Exact retyping of the data: please keep every word and drop each picture.

Provided entries: Begin

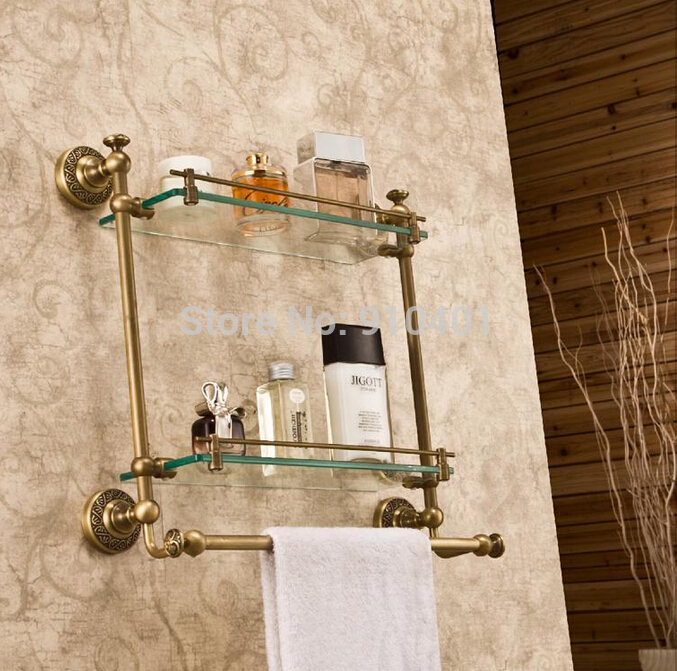 Wholesale And Retail Promotion Luxury Wall Mounted Bathroom Antique Brass Shelf Dual Glass Tiers With Towel Bar
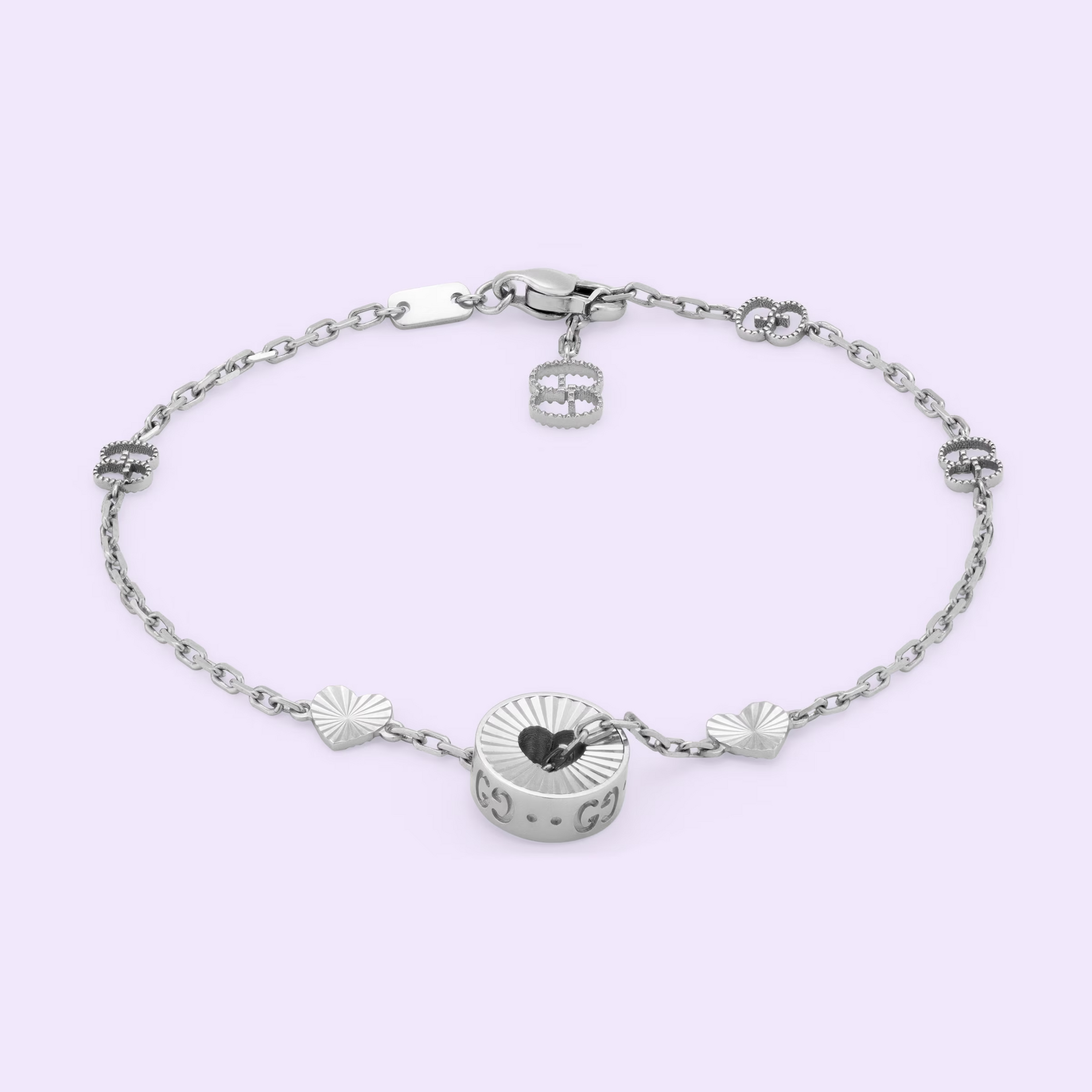 Gucci Icon Bracelet in 18k White Gold (Heart Pendant) - Orsini Jewellers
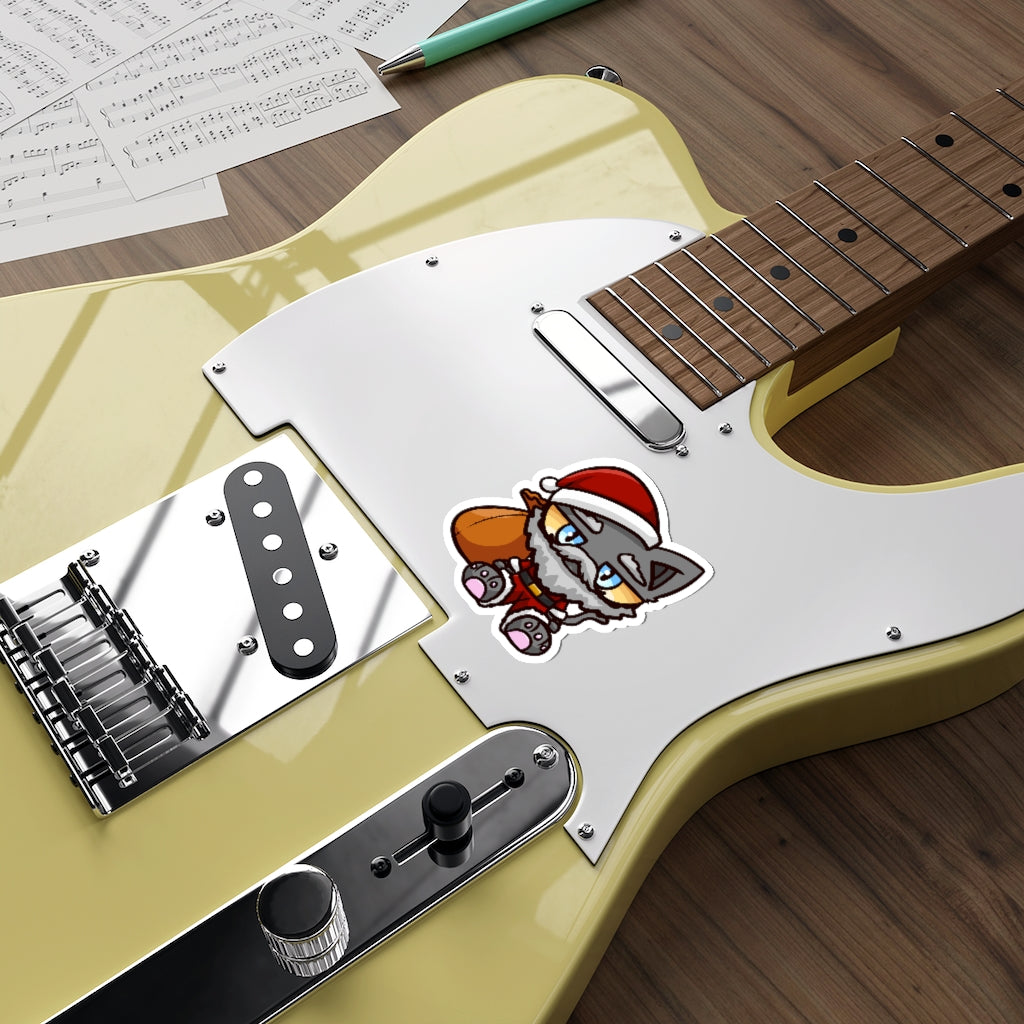 Santa Cat Die-Cut Sticker
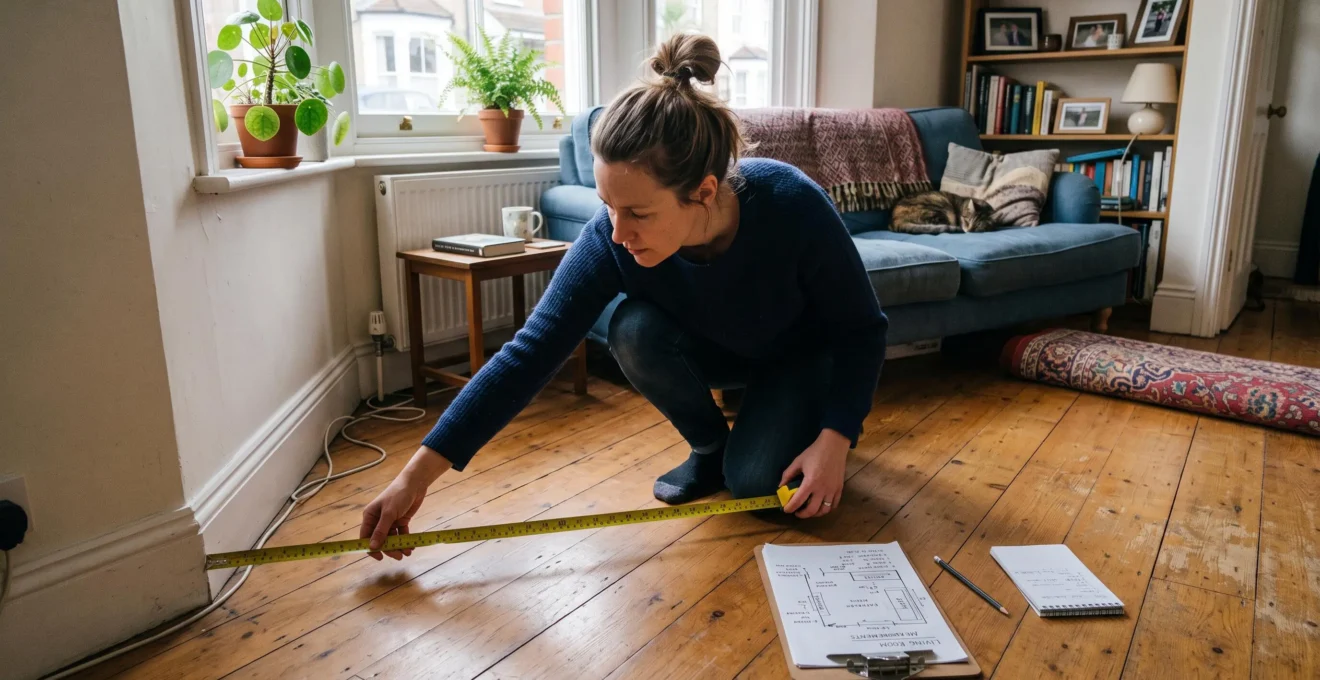 A homeowner kneeling on the floor measuring wall-to-wall distance with a tape measure while drawing a room plan on a clipboard.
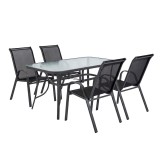 Cumpara ieftin Set mobilier de gradina Leziter Ardo 4+1 cu masa din sticla si 4 scaune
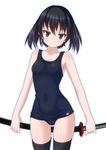  akame_ga_kill! black_eyes black_hair black_legwear covered_navel katana kurome_(akame_ga_kill!) one-piece_swimsuit school_swimsuit short_hair smile solo sunsuke swimsuit sword thighhighs weapon white_background 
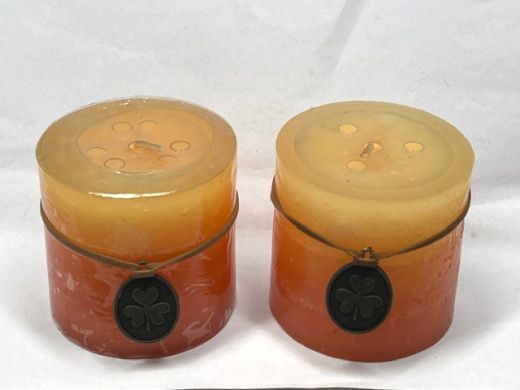2er-Set Rustikkerzen 7 cm x 7 cm Farbverlauf orange bis cremegelb (nur 1 Set verf�gbar)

Provided entries: End

» **Answer section**
 Wholesale And Retail Promotion Luxury Wall Mounted Bathroom Antique Brass Shelf Dual Glass Tiers With Towel Bar
 Gucci Icon Bracelet in 18k White Gold (Heart Pendant) - Orsini Jewellers
 Santa Cat Die-Cut Sticker
 A homeowner kneeling on the floor measuring wall-to-wall distance with a tape measure while drawing a room plan on a clipboard.
 Cumpara ieftin Set mobilier de gradina Leziter Ardo 4+1 cu masa din sticla si 4 scaune
  akame_ga_kill! black_eyes black_hair black_legwear covered_navel katana kurome_(akame_ga_kill!) one-piece_swimsuit school_swimsuit short_hair smile solo sunsuke swimsuit sword thighhighs weapon white_background 
2er-Set Rustikkerzen 7 cm x 7 cm Farbverlauf orange bis cremegelb (nur 1 Set verf�gbar)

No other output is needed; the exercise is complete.